Before running the job, I deleted all the data from the bucket, so at least I can confirm that only one average is generated by each task, so the task.every duration and task.every aggregateWindow ensures it runs the aggregation for precisely for 1 day (or week, year, etc).

Just keep in mind the timestamp is for the date when the task executed. So these downsampled values have a timestamp of the end of the period.

1 Like

Hello @nygma2004,
Yes you’re correct. You can always elect to “run query” to run it now to test it if you need.
Good find on the to() function here’s the documentation for anyone looking in the future:

Sorry for the delay and nice debugging and thank you for sharing your solution.

Thanks @Anaisdg,

One question remains, actually two:

  1. If I set up the task to run every 1D, I noticed that the jobs start 00:00:00 UTC. But what should I do if I live in the US and I want my tasks to aggregate exactly by local time?
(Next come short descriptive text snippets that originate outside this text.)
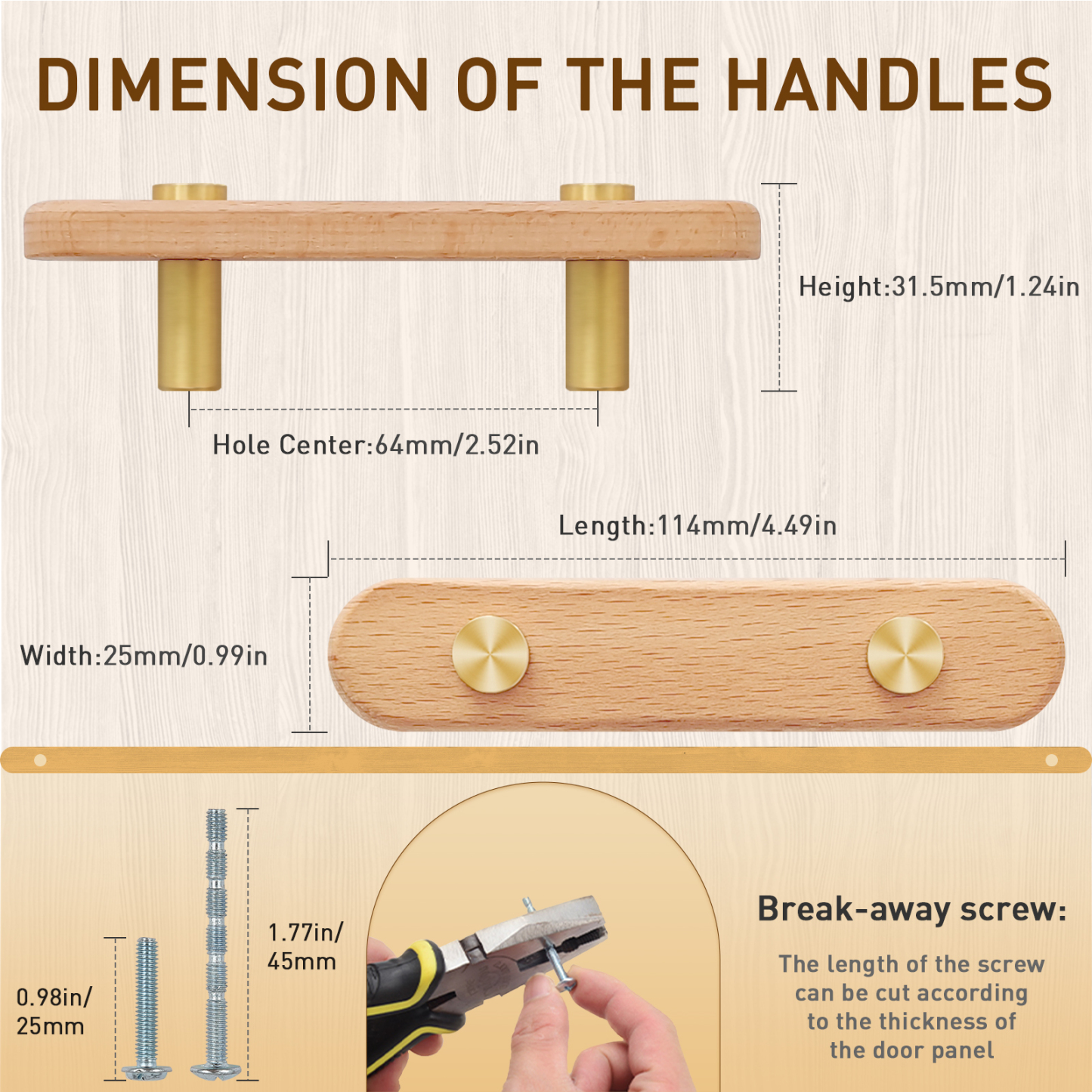 3-3/4 in Wood Cabinet Pulls Brass Gold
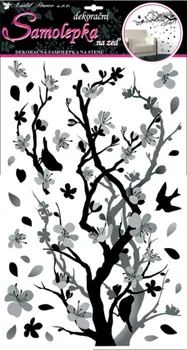 Samolepící dekorace Anděl Přerov 10149 černošedá větvička 50 x 32 cm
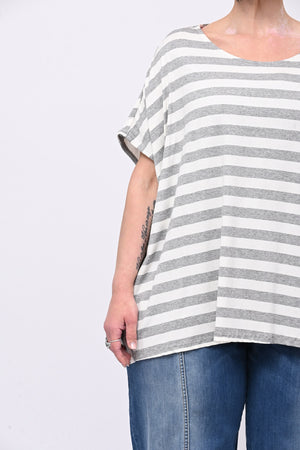 Maglia scatoletta righe - Grigio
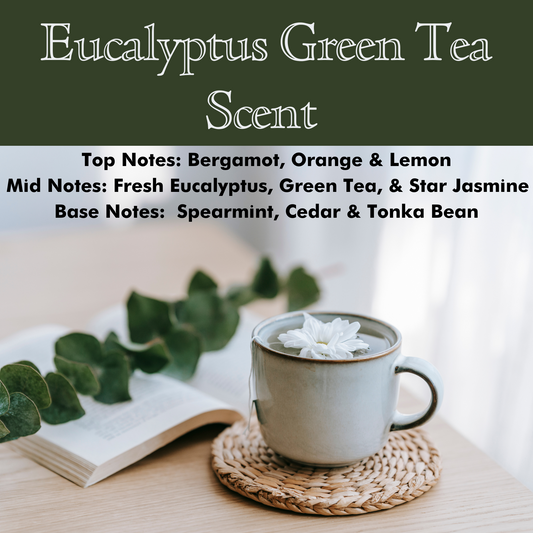 EUCALYPTUS GREEN TEA SCENTED - Pure Beeswax Melts for Warmers (1-PACK)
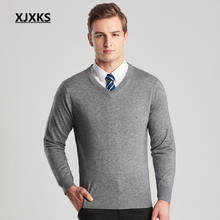 XJXKS Fashion V-neck men cashmere vest 2020 autumn winter new loose plus size comfortable casual pullover men sleeveless sweater 2024 - buy cheap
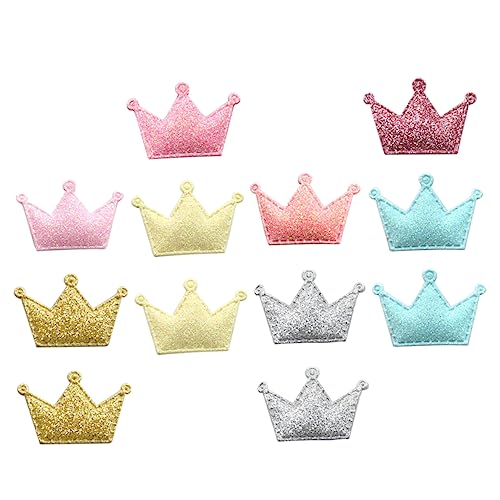 HEMOTON 50 Stück DIY Krone Stoffaufnäher Glitzer Applikationen für Kleidung Taschen Basteln Bunte Textil Sticker zum Aufnähen und Verzieren von HEMOTON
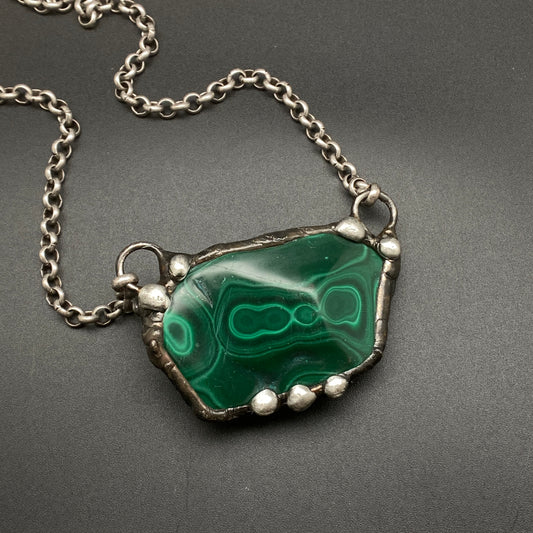 Glean ~ Reversible Malachite Necklace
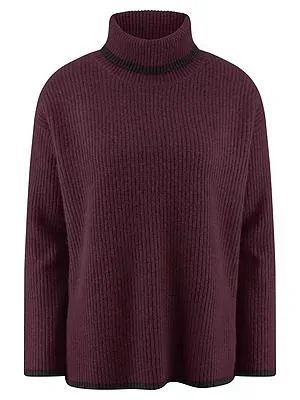 Rollkragen-Pullover Kaschmir Peter Hahn lila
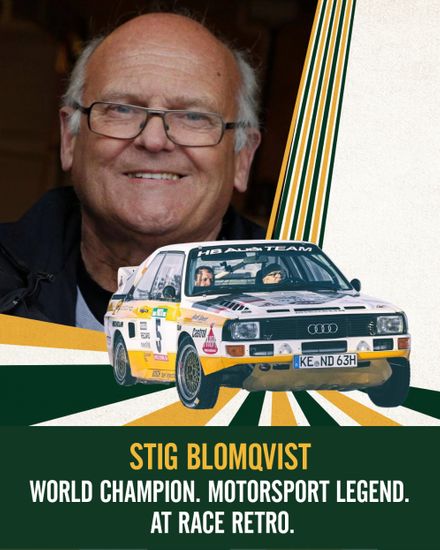 World Rally Champion Stig Blomqvist with a vintage Audi Quattro HB Team rally car for the Race Retro motorsport event.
I mean it is a question of running the jobs midnight local time and also the aggregateWindow to aggregate daily by local time. I did not find anything related to this issue in the documentation.
  2. I did not find any way of telling aggregateWindow to set the beginning of the period for the _time value. If I aggregate daily, I would have preferred the time to be the beginning of the period and not the end. In the comments on Youtube I was suggested that for the to() function I can specify timeColumn = “_start” which in fact works fine if the range is the same period as the aggregation period. But what if not? Can somehow the time defined with a function?

Best Regards,
Csongor

@nygma2004,
Thanks for clarifying. How are you creating these tasks? In the UI? Is your time set to local or UTC in the UI when you’re creating the task? Do you create the task from the data explorer and then select save as task?

  1. You could use cron scheduling instead which runs on the system time: InfluxDB task configuration options | InfluxDB Cloud Documentation
  2. Please check out these threads there are various solutions: Month aggregateWindow doesn't work with negative offset
    Query to generate windowed aggregates with timestamp at window start and without partial data
    Out of curiosity which video was that?

@Anaisdg,
Thanks a lot, and I will go through these discussions to better understand.

I don’t remember whether the timezone was set to local or UTC. I assume this is the time zone on the same UI screen (top right) correct? As I did not find any such option in the settings. I did not know that has an influence on how the task is configured.

I usually start in the data explorer and put my query together, I change to the query view and just copy and past the flux query and create the task manually. Of course I replace the v.xxx parameters in the range and aggregateWindow.

I document my process and learning as I go on my channel. The comment I was referring to was under my video: Downsample data in InfluxDB 2.x - YouTube

Merry Christmas! :smiley:

Hi @Anaisdg,
a similar discussion is started in github: Cron-based task doesn't run at system time · Issue #20922 · influxdata/influxdb · GitHub
I am also facing this issue. Cron-based task doesn’t run at system time. The first run is at UTC and then the subsequent ones are at LOCAL TIME. If any changes are made to the task query, again the first run is at UTC and then the subsequent ones are at LOCAL TIME. How to resolve this?

@vkhemani,
I’m afraid I don’t have an answer for you. I’d try using the every parameter instead of Cron?